On the other hand, the UN has been consistently declaring 'decades of development' since the 1960s and has gradually brought some human development issues to the forefront. The UNICEF publication Adjustment with a Human Face is a prominent example of this effort. This report visibly highlighted outcomes of structural adjustment policies in Latin America, sub-Saharan Africa and parts of Asia and the failure of equity and long-term efficiency gains to be ushered in by freeing market forces. (24)

The prevailing notion of development is reflected through two UN-sponsored World Summits on Sustainable Development held in 1995 in Copenhagen and in 2002 in Johannesburg. The most significant advance made at the Copenhagen summit was the articulation of a comprehensive set of parameters for defining poverty, and the realisation that poverty was being aggravated by unsustainable patterns of consumption and production. This summit highlighted the need for time-bound commitments by nations with regard to poverty eradication. (25) Unfortunately, this attention was not translated into concrete action and this need for time-bound commitments was merely reaffirmed in 2002 at Johannesburg. The Johannesburg summit did articulate targets and timetables to spur action on important environmental issues and stated a commitment to halve the proportion of people who lack access to clean water or proper sanitation by 2015. The Summit has instigated a new resolve of partnerships for development between governments, citizen groups and businesses, considering this the most feasible option for bringing in supplementary resources and expertise. (26) However, the context of partnerships is not without peril (as I will later argue). Also, by not being able to obtain firm commitments concerning poverty eradication, both the WSSD conferences in effect failed in providing a long-term solution to secure resources needed for reaching the poverty eradication goal.
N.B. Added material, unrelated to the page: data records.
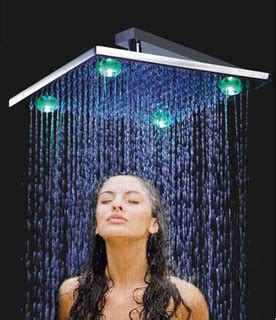 10" Chrome Solid Brass Square Led Shower Head - Contemporary - Showerheads And Body Sprays ...
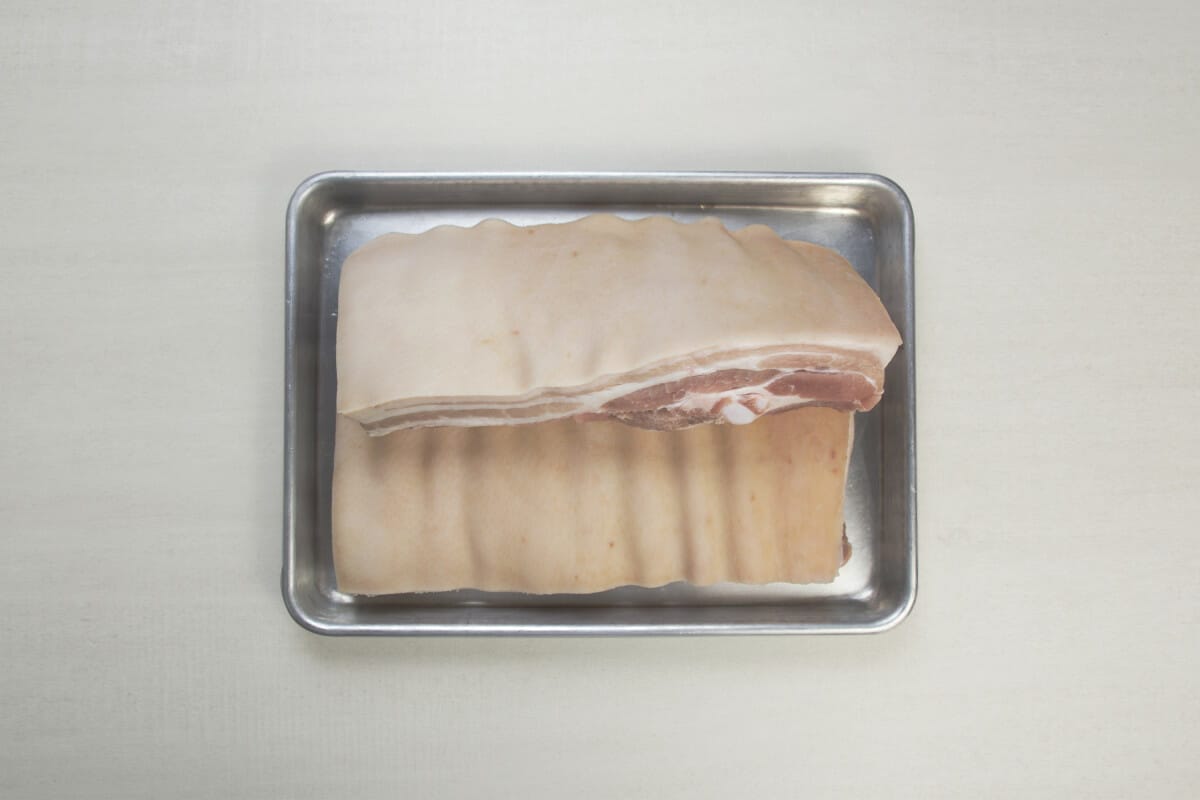 lechon step 1 clean pork belly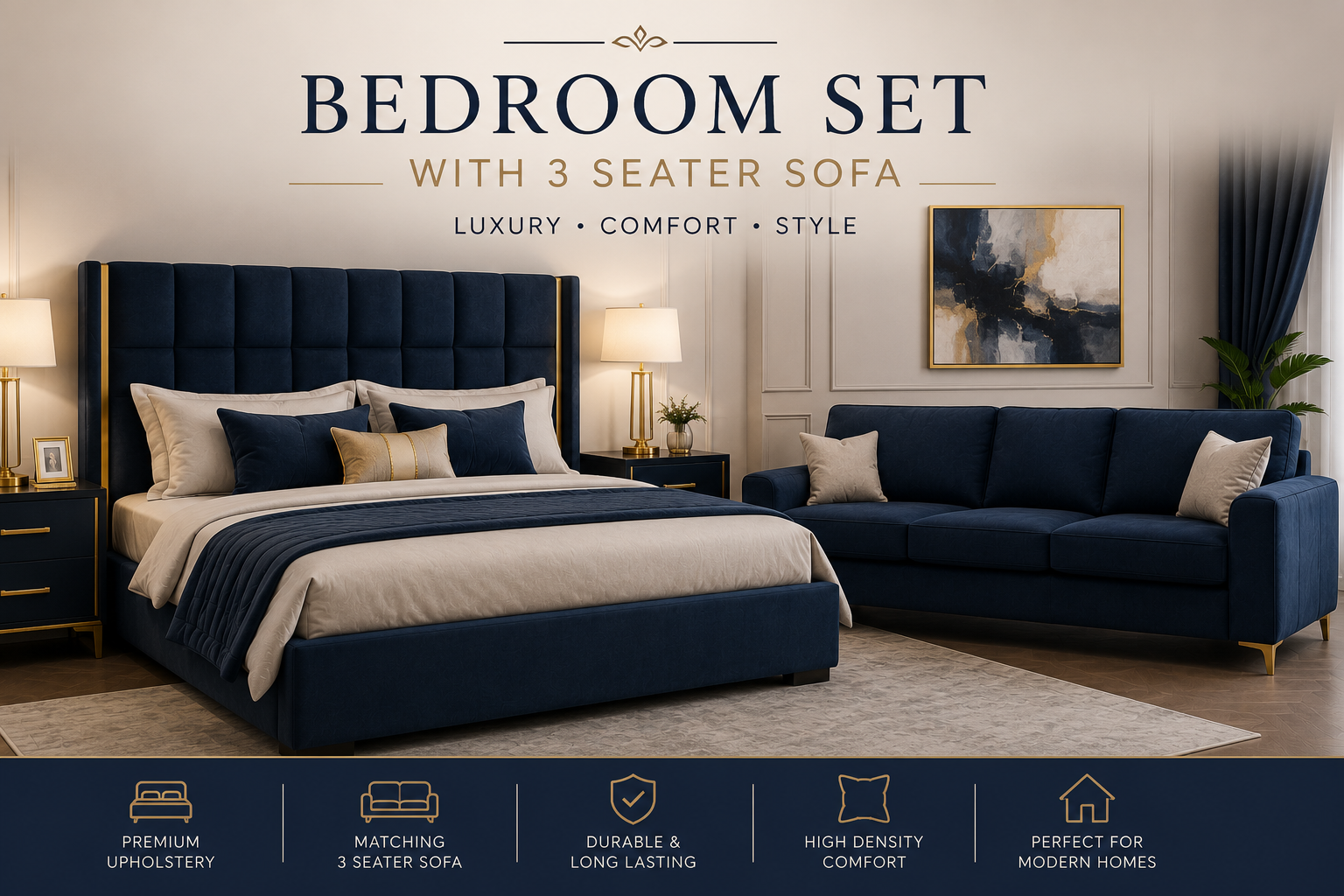 Luxe Living Luxury Bedroom Set with 3 Seater Sofa – Navy Blue Velvet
The UN Conference on Finance for Development held in Monterrey in March 2002 was in fact the first time that the UN, the World Trade Organization and the IFIs gathered at a unified platform. This collective meeting also endorsed a commitment 'to halve, by the year 2015, the proportion of the world's people whose income is less than one dollar a day and the proportion of people who suffer from hunger,' that had been earlier quoted as being one of the UN's Millennium Development Goals. As for the much-trumpeted proposal calling for developed nations to devote 0.7 per cent of their gross national product to development aid, it figured only as a goal in the Monterrey declaration, not a pledge. Throughout this conference, there was seen to be a continued emphasis on aid effectiveness over volume. (27) More radical proposals for global governance, with new international organisations for regulating the environment and international taxes, were squarely ruled out of consideration, in the attempt to obtain multilateral consensus. (28)

The multilateral agencies' conviction that free trade and private investment hold the key to development remains prominent. Even the UNDP has begun laying emphasis on the need for the corporate sector to divert flows towards social sectors. In a recent paper delivered at the Oxford Analytica Conference, a senior UNDP administrator stated that the private sector has a real role to play in--and benefits to gain from--encouraging and supporting the state efforts in creating and preserving educated, healthy workforces and consumers, 'living in peaceful, crime-free environments'. (29) Yet this assessment seems rather optimistic when juxtaposed with increasing claims by developing world activists that trade liberalisation demonstrably undermines the livelihoods of small producers and vulnerable social groups, especially those of women who support a major part of the costs of such policies and barely have access to any of the ensuing benefits. (30)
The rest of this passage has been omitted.